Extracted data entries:
↓
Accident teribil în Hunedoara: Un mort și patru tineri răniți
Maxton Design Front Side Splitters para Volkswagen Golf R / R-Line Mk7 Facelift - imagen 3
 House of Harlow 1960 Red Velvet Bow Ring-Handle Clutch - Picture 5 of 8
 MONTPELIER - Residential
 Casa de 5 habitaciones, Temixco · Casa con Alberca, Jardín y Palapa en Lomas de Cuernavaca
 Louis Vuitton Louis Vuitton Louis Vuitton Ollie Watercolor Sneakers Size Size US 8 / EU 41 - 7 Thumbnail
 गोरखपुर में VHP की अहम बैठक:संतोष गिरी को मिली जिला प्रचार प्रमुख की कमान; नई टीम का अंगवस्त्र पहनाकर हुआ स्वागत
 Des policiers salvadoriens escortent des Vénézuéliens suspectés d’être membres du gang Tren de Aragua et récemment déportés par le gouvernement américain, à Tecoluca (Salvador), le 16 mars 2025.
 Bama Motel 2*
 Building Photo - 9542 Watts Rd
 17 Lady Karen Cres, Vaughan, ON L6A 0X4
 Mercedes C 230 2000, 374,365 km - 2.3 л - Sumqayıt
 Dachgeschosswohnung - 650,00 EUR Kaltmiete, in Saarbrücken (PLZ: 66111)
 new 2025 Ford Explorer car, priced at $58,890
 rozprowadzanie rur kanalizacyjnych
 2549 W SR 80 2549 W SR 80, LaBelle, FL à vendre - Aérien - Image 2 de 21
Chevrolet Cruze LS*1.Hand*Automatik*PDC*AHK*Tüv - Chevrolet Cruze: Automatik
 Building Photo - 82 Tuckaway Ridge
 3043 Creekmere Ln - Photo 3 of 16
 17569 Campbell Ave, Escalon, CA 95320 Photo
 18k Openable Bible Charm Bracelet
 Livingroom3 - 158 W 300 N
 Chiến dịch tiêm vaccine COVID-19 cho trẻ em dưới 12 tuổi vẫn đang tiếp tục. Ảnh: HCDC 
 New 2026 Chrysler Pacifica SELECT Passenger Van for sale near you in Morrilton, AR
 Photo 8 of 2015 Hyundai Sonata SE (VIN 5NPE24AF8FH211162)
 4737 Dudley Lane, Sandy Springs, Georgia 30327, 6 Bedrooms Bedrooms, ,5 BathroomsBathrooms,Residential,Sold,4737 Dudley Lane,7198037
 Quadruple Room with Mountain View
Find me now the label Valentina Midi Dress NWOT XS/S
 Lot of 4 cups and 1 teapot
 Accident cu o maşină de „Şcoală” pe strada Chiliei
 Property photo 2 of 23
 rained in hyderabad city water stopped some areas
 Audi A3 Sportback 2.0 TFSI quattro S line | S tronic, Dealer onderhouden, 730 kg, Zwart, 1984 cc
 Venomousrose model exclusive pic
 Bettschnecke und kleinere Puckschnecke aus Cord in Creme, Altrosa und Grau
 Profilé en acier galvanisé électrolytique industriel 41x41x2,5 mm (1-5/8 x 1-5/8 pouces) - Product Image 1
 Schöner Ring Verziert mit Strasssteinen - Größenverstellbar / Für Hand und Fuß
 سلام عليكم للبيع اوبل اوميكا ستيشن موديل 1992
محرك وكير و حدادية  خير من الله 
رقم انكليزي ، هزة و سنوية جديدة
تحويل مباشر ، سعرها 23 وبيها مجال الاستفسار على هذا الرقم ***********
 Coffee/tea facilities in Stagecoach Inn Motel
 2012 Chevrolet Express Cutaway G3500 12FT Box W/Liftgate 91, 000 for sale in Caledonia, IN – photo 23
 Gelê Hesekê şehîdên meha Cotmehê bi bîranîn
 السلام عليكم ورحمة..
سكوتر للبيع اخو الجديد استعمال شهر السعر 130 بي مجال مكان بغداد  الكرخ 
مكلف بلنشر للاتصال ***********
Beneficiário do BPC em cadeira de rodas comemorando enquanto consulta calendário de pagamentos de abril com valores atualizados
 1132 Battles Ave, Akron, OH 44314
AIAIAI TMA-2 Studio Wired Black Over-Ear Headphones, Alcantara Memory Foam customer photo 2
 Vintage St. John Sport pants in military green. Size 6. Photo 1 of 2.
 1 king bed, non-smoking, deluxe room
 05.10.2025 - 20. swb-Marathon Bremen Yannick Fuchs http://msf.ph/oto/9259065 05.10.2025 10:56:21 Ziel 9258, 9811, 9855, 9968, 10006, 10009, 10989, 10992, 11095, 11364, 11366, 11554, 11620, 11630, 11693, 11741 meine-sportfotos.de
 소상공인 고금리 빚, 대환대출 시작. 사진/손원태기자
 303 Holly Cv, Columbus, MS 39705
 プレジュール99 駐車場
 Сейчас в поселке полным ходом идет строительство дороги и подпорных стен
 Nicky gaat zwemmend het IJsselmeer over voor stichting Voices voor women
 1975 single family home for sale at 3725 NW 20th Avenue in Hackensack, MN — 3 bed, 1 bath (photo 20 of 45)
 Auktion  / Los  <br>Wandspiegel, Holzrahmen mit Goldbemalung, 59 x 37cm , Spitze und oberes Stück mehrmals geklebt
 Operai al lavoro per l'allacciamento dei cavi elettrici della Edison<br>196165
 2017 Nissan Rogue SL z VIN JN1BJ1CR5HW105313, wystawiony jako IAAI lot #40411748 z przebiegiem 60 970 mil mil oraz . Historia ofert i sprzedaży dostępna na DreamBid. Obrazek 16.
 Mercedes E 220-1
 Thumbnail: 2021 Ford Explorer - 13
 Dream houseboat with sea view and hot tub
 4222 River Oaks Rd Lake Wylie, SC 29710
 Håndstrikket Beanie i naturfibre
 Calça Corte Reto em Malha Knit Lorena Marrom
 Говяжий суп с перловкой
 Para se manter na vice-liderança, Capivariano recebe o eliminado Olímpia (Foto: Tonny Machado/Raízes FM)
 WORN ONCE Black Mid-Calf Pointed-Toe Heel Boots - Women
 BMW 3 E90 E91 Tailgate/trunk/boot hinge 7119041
↑
**Work required:**
The whole of the data must be given again, exactly as shown.

**Reply:**
Accident teribil în Hunedoara: Un mort și patru tineri răniți
Maxton Design Front Side Splitters para Volkswagen Golf R / R-Line Mk7 Facelift - imagen 3
 House of Harlow 1960 Red Velvet Bow Ring-Handle Clutch - Picture 5 of 8
 MONTPELIER - Residential
 Casa de 5 habitaciones, Temixco · Casa con Alberca, Jardín y Palapa en Lomas de Cuernavaca
 Louis Vuitton Louis Vuitton Louis Vuitton Ollie Watercolor Sneakers Size Size US 8 / EU 41 - 7 Thumbnail
 गोरखपुर में VHP की अहम बैठक:संतोष गिरी को मिली जिला प्रचार प्रमुख की कमान; नई टीम का अंगवस्त्र पहनाकर हुआ स्वागत
 Des policiers salvadoriens escortent des Vénézuéliens suspectés d’être membres du gang Tren de Aragua et récemment déportés par le gouvernement américain, à Tecoluca (Salvador), le 16 mars 2025.
 Bama Motel 2*
 Building Photo - 9542 Watts Rd
 17 Lady Karen Cres, Vaughan, ON L6A 0X4
 Mercedes C 230 2000, 374,365 km - 2.3 л - Sumqayıt
 Dachgeschosswohnung - 650,00 EUR Kaltmiete, in Saarbrücken (PLZ: 66111)
 new 2025 Ford Explorer car, priced at $58,890
 rozprowadzanie rur kanalizacyjnych
 2549 W SR 80 2549 W SR 80, LaBelle, FL à vendre - Aérien - Image 2 de 21
Chevrolet Cruze LS*1.Hand*Automatik*PDC*AHK*Tüv - Chevrolet Cruze: Automatik
 Building Photo - 82 Tuckaway Ridge
 3043 Creekmere Ln - Photo 3 of 16
 17569 Campbell Ave, Escalon, CA 95320 Photo
 18k Openable Bible Charm Bracelet
 Livingroom3 - 158 W 300 N
 Chiến dịch tiêm vaccine COVID-19 cho trẻ em dưới 12 tuổi vẫn đang tiếp tục. Ảnh: HCDC 
 New 2026 Chrysler Pacifica SELECT Passenger Van for sale near you in Morrilton, AR
 Photo 8 of 2015 Hyundai Sonata SE (VIN 5NPE24AF8FH211162)
 4737 Dudley Lane, Sandy Springs, Georgia 30327, 6 Bedrooms Bedrooms, ,5 BathroomsBathrooms,Residential,Sold,4737 Dudley Lane,7198037
 Quadruple Room with Mountain View
Find me now the label Valentina Midi Dress NWOT XS/S
 Lot of 4 cups and 1 teapot
 Accident cu o maşină de „Şcoală” pe strada Chiliei
 Property photo 2 of 23
 rained in hyderabad city water stopped some areas
 Audi A3 Sportback 2.0 TFSI quattro S line | S tronic, Dealer onderhouden, 730 kg, Zwart, 1984 cc
 Venomousrose model exclusive pic
 Bettschnecke und kleinere Puckschnecke aus Cord in Creme, Altrosa und Grau
 Profilé en acier galvanisé électrolytique industriel 41x41x2,5 mm (1-5/8 x 1-5/8 pouces) - Product Image 1
 Schöner Ring Verziert mit Strasssteinen - Größenverstellbar / Für Hand und Fuß
 سلام عليكم للبيع اوبل اوميكا ستيشن موديل 1992
محرك وكير و حدادية  خير من الله 
رقم انكليزي ، هزة و سنوية جديدة
تحويل مباشر ، سعرها 23 وبيها مجال الاستفسار على هذا الرقم ***********
 Coffee/tea facilities in Stagecoach Inn Motel
 2012 Chevrolet Express Cutaway G3500 12FT Box W/Liftgate 91, 000 for sale in Caledonia, IN – photo 23
 Gelê Hesekê şehîdên meha Cotmehê bi bîranîn
 السلام عليكم ورحمة..
سكوتر للبيع اخو الجديد استعمال شهر السعر 130 بي مجال مكان بغداد  الكرخ 
مكلف بلنشر للاتصال ***********
Beneficiário do BPC em cadeira de rodas comemorando enquanto consulta calendário de pagamentos de abril com valores atualizados
 1132 Battles Ave, Akron, OH 44314
AIAIAI TMA-2 Studio Wired Black Over-Ear Headphones, Alcantara Memory Foam customer photo 2
 Vintage St. John Sport pants in military green. Size 6. Photo 1 of 2.
 1 king bed, non-smoking, deluxe room
 05.10.2025 - 20. swb-Marathon Bremen Yannick Fuchs http://msf.ph/oto/9259065 05.10.2025 10:56:21 Ziel 9258, 9811, 9855, 9968, 10006, 10009, 10989, 10992, 11095, 11364, 11366, 11554, 11620, 11630, 11693, 11741 meine-sportfotos.de
 소상공인 고금리 빚, 대환대출 시작. 사진/손원태기자
 303 Holly Cv, Columbus, MS 39705
 プレジュール99 駐車場
 Сейчас в поселке полным ходом идет строительство дороги и подпорных стен
 Nicky gaat zwemmend het IJsselmeer over voor stichting Voices voor women
 1975 single family home for sale at 3725 NW 20th Avenue in Hackensack, MN — 3 bed, 1 bath (photo 20 of 45)
 Auktion  / Los  <br>Wandspiegel, Holzrahmen mit Goldbemalung, 59 x 37cm , Spitze und oberes Stück mehrmals geklebt
 Operai al lavoro per l'allacciamento dei cavi elettrici della Edison<br>196165
 2017 Nissan Rogue SL z VIN JN1BJ1CR5HW105313, wystawiony jako IAAI lot #40411748 z przebiegiem 60 970 mil mil oraz . Historia ofert i sprzedaży dostępna na DreamBid. Obrazek 16.
 Mercedes E 220-1
 Thumbnail: 2021 Ford Explorer - 13
 Dream houseboat with sea view and hot tub
 4222 River Oaks Rd Lake Wylie, SC 29710
 Håndstrikket Beanie i naturfibre
 Calça Corte Reto em Malha Knit Lorena Marrom
 Говяжий суп с перловкой
 Para se manter na vice-liderança, Capivariano recebe o eliminado Olímpia (Foto: Tonny Machado/Raízes FM)
 WORN ONCE Black Mid-Calf Pointed-Toe Heel Boots - Women
 BMW 3 E90 E91 Tailgate/trunk/boot hinge 7119041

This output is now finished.